Dataset extract =>
:::

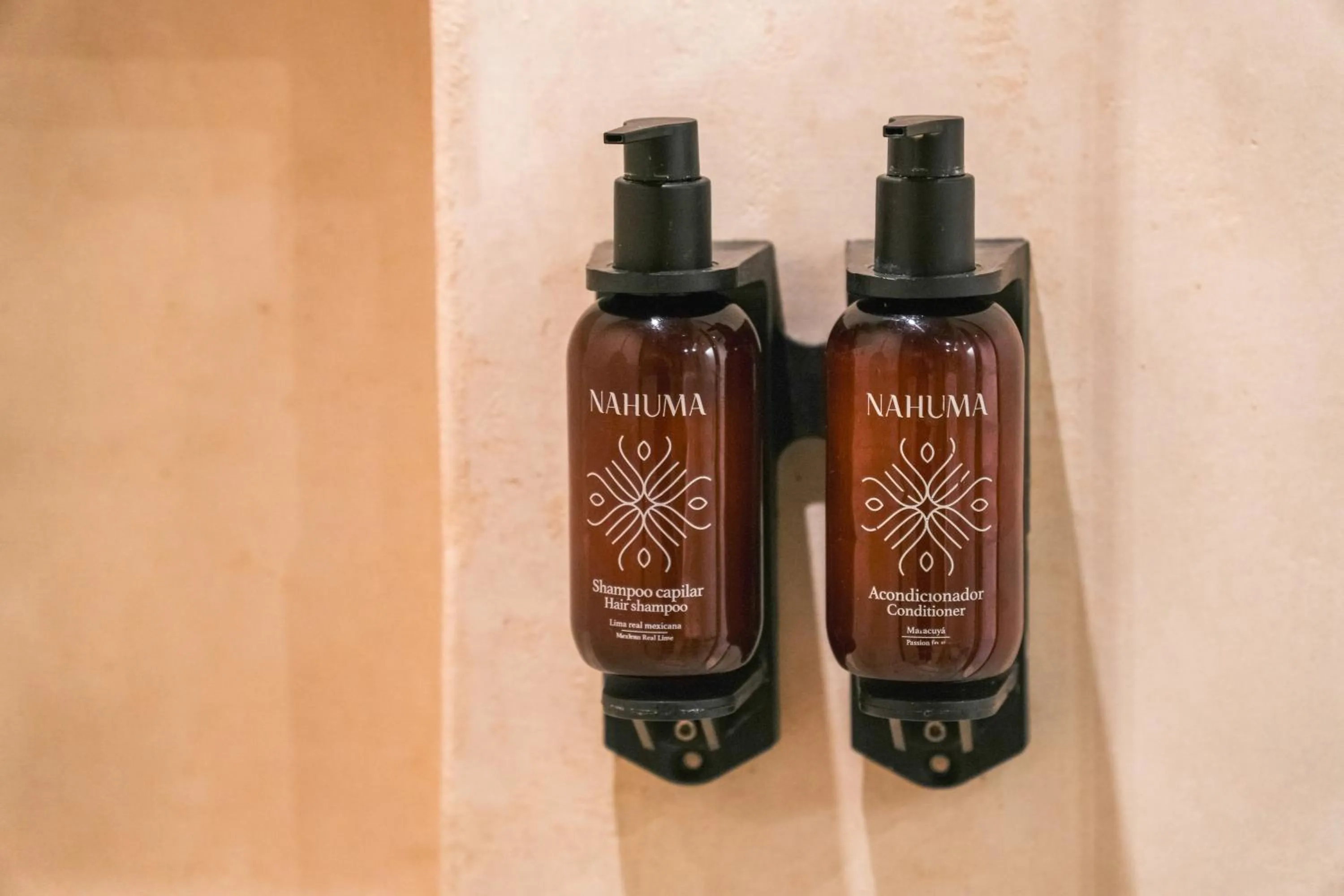 Bathroom in Nerea Tulum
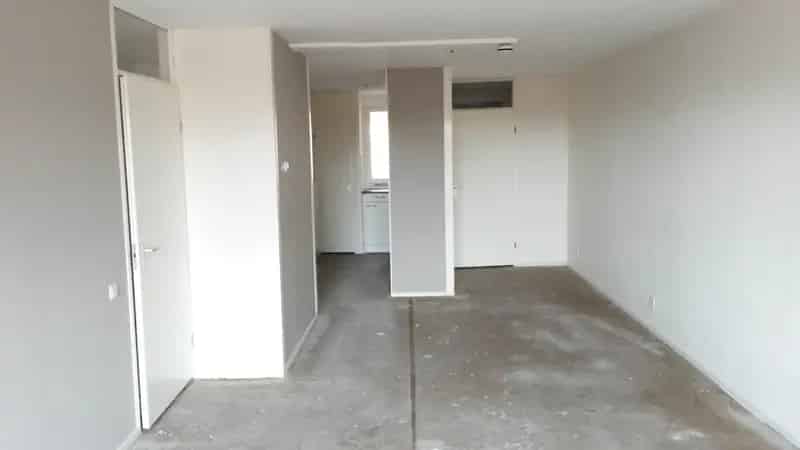 Appartement Zwolle Zuid 3 kamers Balkon Lift gerenoveerd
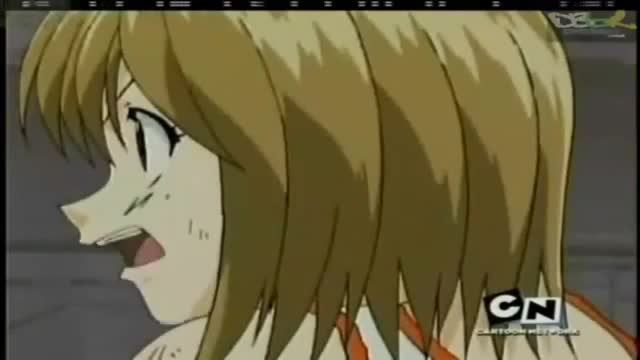 Assistir Rave Master Dublado Dublado Episódio 18 - Rapsodia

:::

Your task => Would you restate all of the data above word for word, omitting the pictures?

Result of this task =>
 Bathroom in Nerea Tulum
 Appartement Zwolle Zuid 3 kamers Balkon Lift gerenoveerd
 Assistir Rave Master Dublado Dublado Episódio 18 - Rapsodia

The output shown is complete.